- **RECORDED INFORMATION**
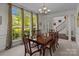 Bright dining room with a large window, elegant chandelier, and traditional furnishings at 9494 Leyton Dr, Harrisburg, NC 28075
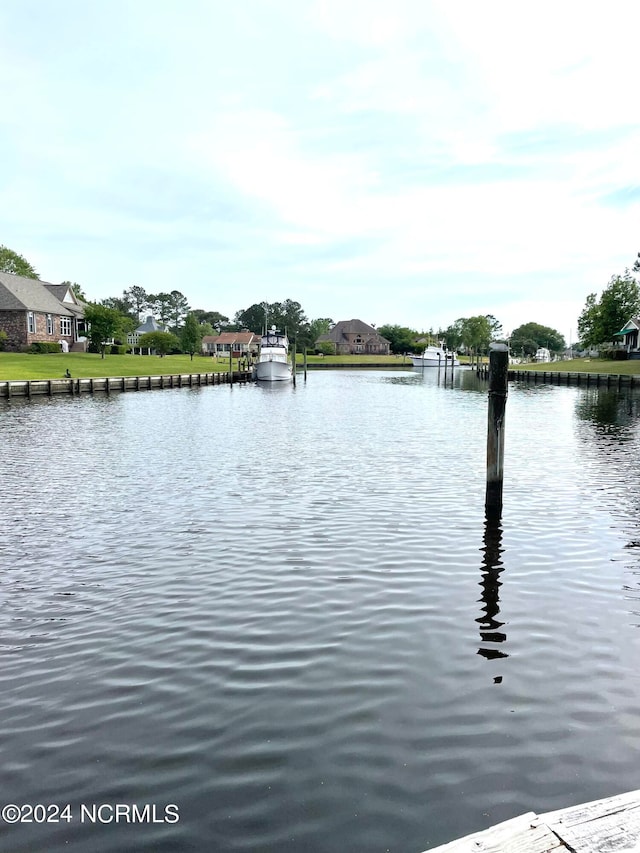 view of water feature with a boat dock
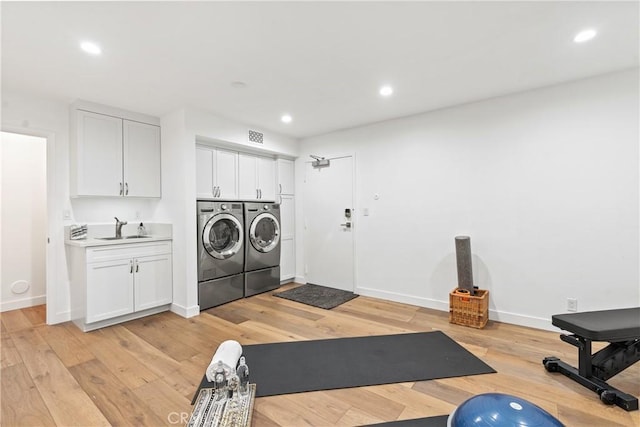 interior space featuring washer and clothes dryer, sink, and light hardwood / wood-style flooring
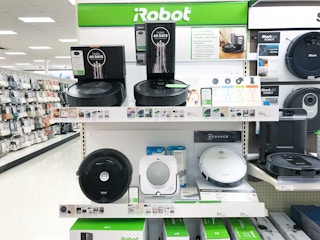 roomba vacuums mops sitting on a target shelf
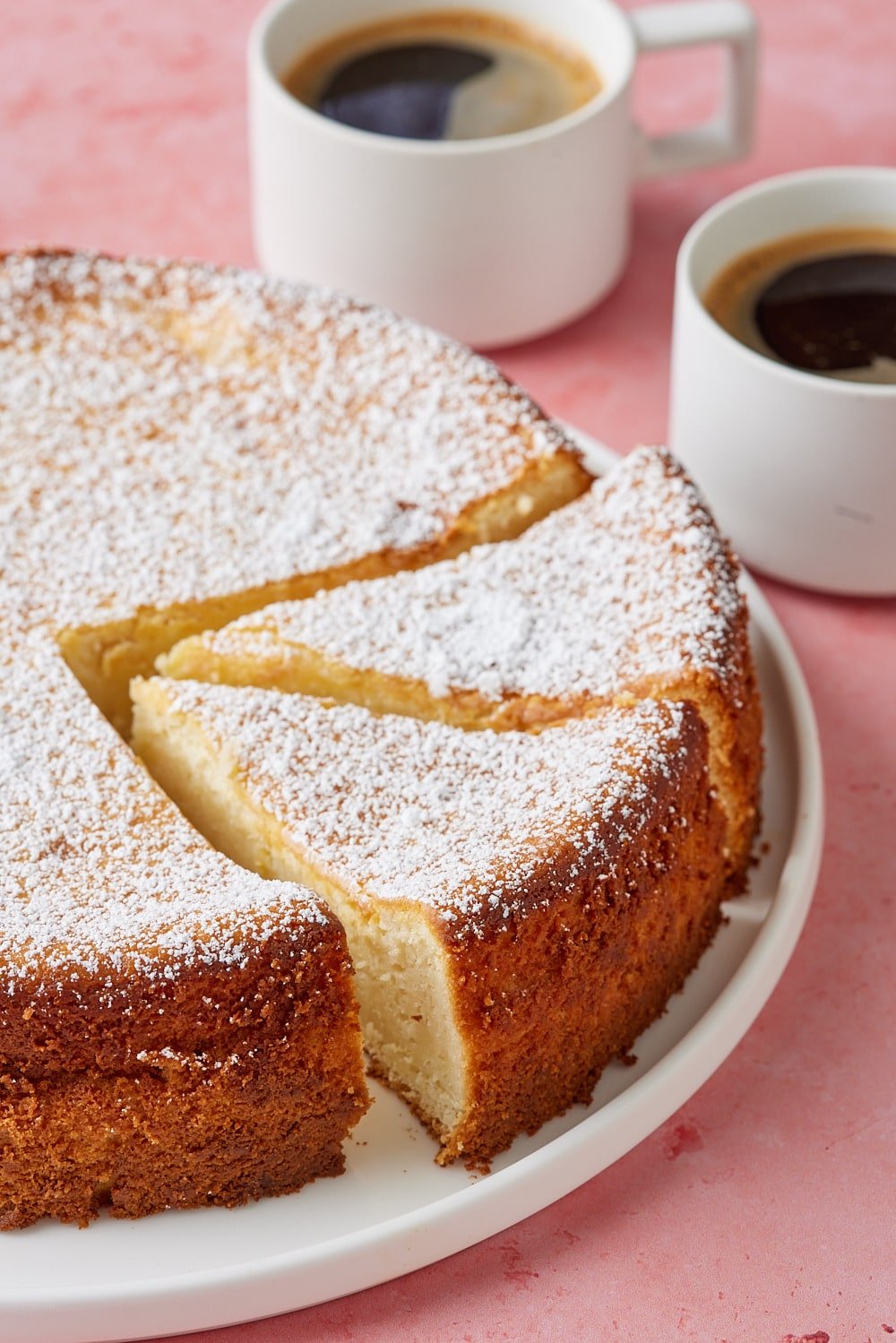 Lemon Ricotta Cake9 A lemon ricotta cake dusted with powdered sugar and served with two cups of coffee on the side.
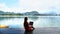 Travel Woman Sitting on Wooden Pier with Laptop, Relaxing and Enjoying Nature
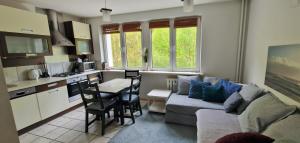 a living room with a couch and a table and a kitchen at Apartament Kolberga w Sopocie in Sopot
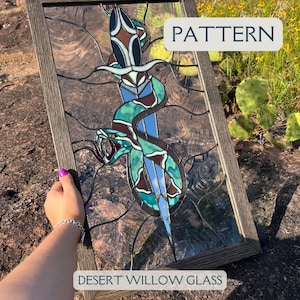 May include: A stained glass window featuring a green snake wrapped around a dagger. The snake has a brown and white pattern. The window is framed in wood and has the text "PATTERN" and "DESERT WILLOW GLASS" on it.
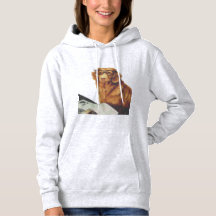 Dog sitting in front of a magazine 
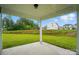 Covered patio offering views of the grassy backyard and the neighbor's home at 2020 Embassy Ct # 48, Charlotte, NC 28213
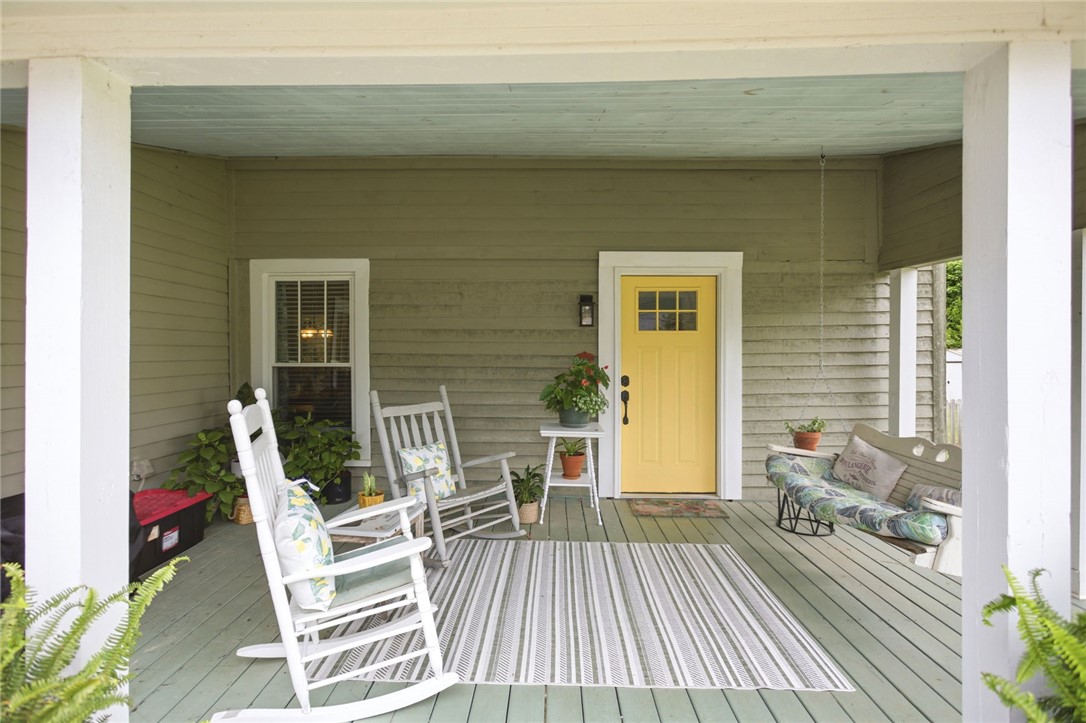 314 South Fairplay Street Seneca, SC 29678 - Photo 4 of 50 This charming porch provides a serene outdoor living space perfect for relaxation.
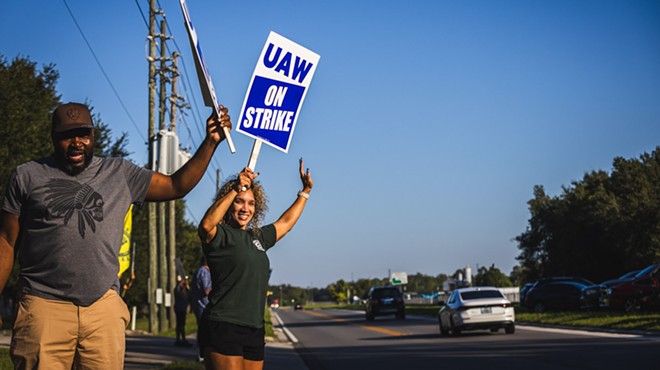 Kalilah Austin, a UAW member and employee of Stellantis/Chrysler, stands next to co-worker Alex on the picket line outside of a Stellantis parts depot in Orlando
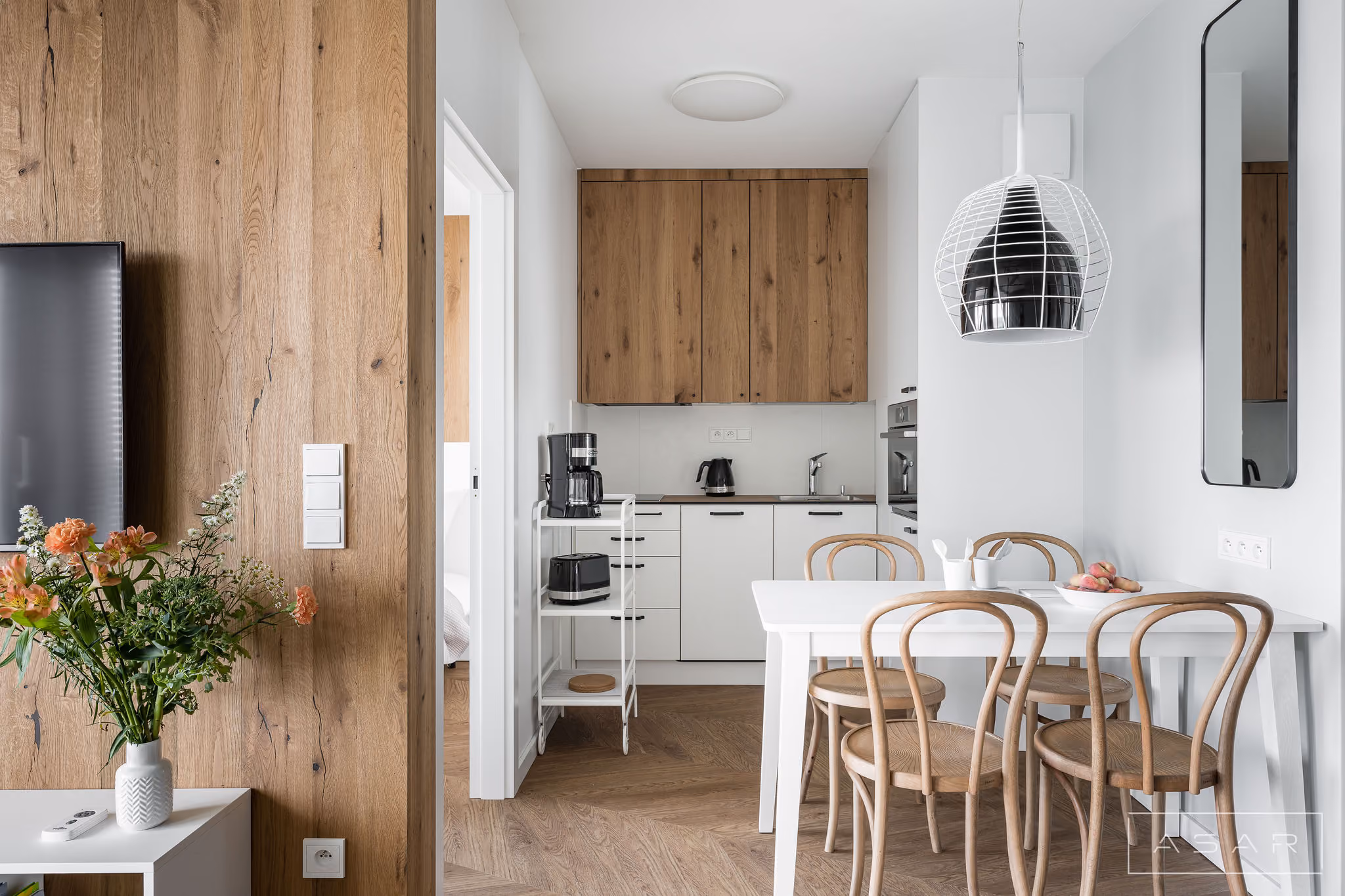 Kuchnia i jadalnia apartamentu nad morzem z drewnianą zabudową i jasnymi meblami – ASAR Projekt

- **WORK ORDER**
Please write out exactly, and only, the lines from the beginning of the entries through the line containing "interior space featuring", including both and skipping all pictures.

- **EXPECTED ANSWER**
 Bright dining room with a large window, elegant chandelier, and traditional furnishings at 9494 Leyton Dr, Harrisburg, NC 28075
 view of water feature with a boat dock
 interior space featuring washer and clothes dryer, sink, and light hardwood / wood-style flooring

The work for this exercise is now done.